Tommy, il piccolo di diciotto mesi, figlio di Paolo Onofri, venne rapito e ucciso da due balordi nelle campagne vicino Parma. Il suo corpicino venne scoperto di notte sul greto di un torrente quasi un mese dopo. Un storia agghiacciante, che restò sulle prime pagine dei giornali e nelle copertine dei Tg per trenta giorni abbondanti, seguendo le fasi delle ricerche e poi quelle, drammatiche del rinvenimento del corpo.
Paolo Onofri era un omone di quasi due metri, impiegato delle Poste. La polizia – dopo il rapimento – gli chiese di fornire alcuni nomi, alcuni indizi, finalizzati a scoprire i rapitori di quel bambino biondo, vulnerabile perché ancora claudicante sulle gambe.
Paolo Onofri fece sette nomi di potenziali rapitori, gente che poteva – a suo giudizio e per svariati motivi – aver pensato di ordire un rapimento ai danni di un infante. Paolo Onofri dimenticò due nomi, coloro che, una notte, mentre la famiglia era a cena, fecero irruzione in casa, legando i genitori del piccolo a una sedia, strappando Tommy dal seggiolone. Due balordi, un muratore e un suo amico. Gente che Paolo Onofri, mesi prima, aveva ingaggiato per ripulire alcune stanze.
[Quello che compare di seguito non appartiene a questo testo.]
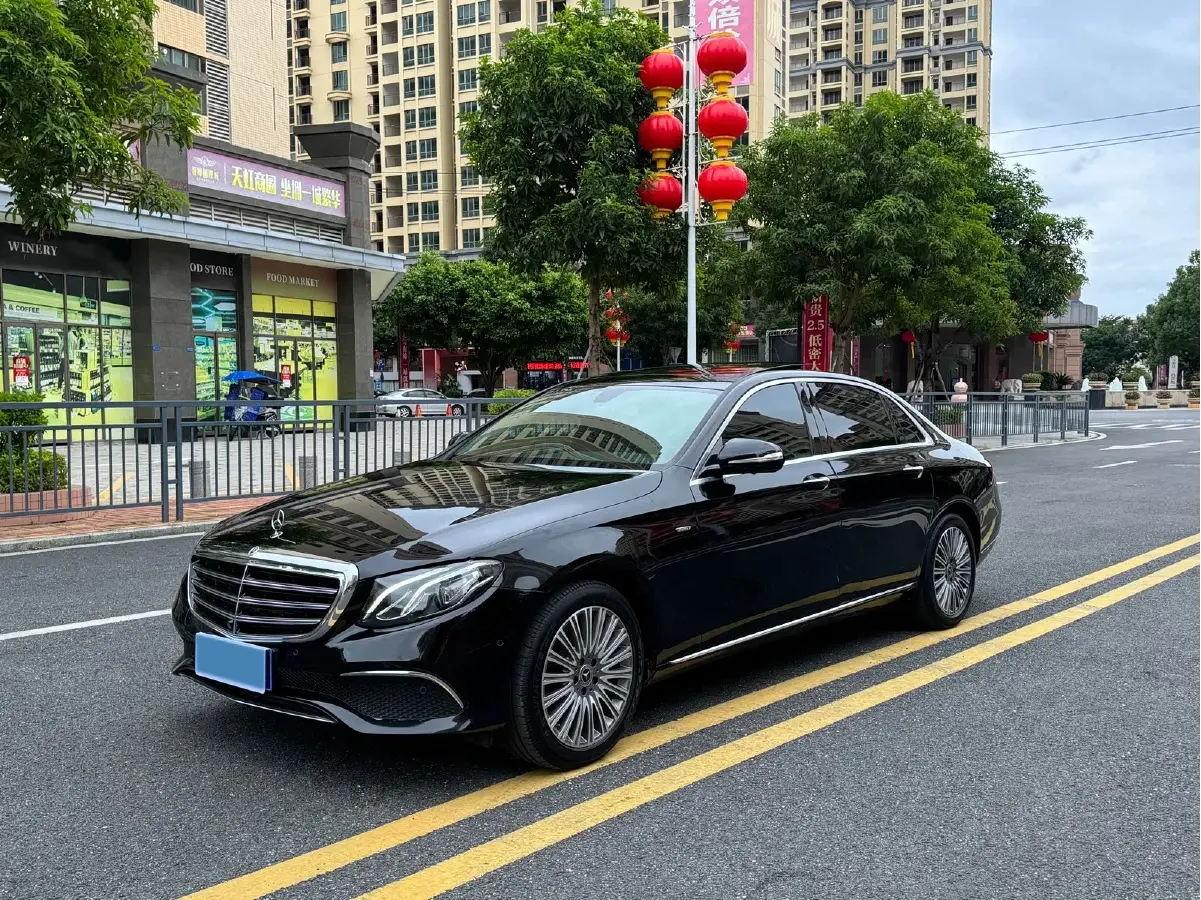 2019 Mercedes-Benz E Class 2.0T 245HP L4 9AT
Un giorno, per fare il gradasso, fidandosi delle persone che aveva accolto in casa, Paolo Onofri disse loro di una eredità che aveva intascato e indicò incautamente anche il posto (una scatola) dove teneva quei soldi.
Ecco il rimorso con il quale visse, per oltre due anni, il papà di Tommy: aver praticamente consegnato, a seguito di una leggerezza, il proprio figlio di diciotto mesi a due delinquenti, ingolositi dal possibile riscatto da chiedere. Tommy venne ucciso la sera stessa del rapimento: forse pianse troppo, forse i due balordi persero la calma. Venne sepolto in fretta, accanto a un ruscello.
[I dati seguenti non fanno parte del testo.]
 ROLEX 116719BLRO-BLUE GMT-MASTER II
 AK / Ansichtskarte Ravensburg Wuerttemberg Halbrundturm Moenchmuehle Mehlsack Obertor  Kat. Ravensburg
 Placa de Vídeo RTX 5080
La Polizia scoprì nel computer che usava Paolo Onofri foto pedopornografiche e così il padre di Tommy finì per diventare uno dei possibili indiziati.
Finì sulla graticola e poi si giustificò dicendo che ‘nella vita un volta si può sbagliare’. Era stato ovviamente un errore (e un reato, con condanna poi patteggiata) tenere quelle foto nel proprio computer.
Non c’entrava ovviamente nulla con la morte del figlio. La vita di Paolo Onofri, però, era ormai segnata. Dal dolore, dalla vergogna, per via di quelle foto. Dal fatto di aver accompagnato al camposanto suo figlio innocente, la più grande crudeltà per un genitore.
Nell’estate del 2008 Paolo Onofri venne colto da infarto, senza risvegliarsi più. Era un uomo piegato dai rovesci della vita, che aveva vissuto i due anni dalla tragedia come un robot. Il cuore si arrese, ma lui restò in vita artificialmente, senza più riaprire gli occhi, in coma vegetativo. Si è spento pochi giorni fa, senza aver compiuto neanche 55 anni. Stroncato dai rimorsi, dal dolore, dallo strazio. Morto in nome del figlio.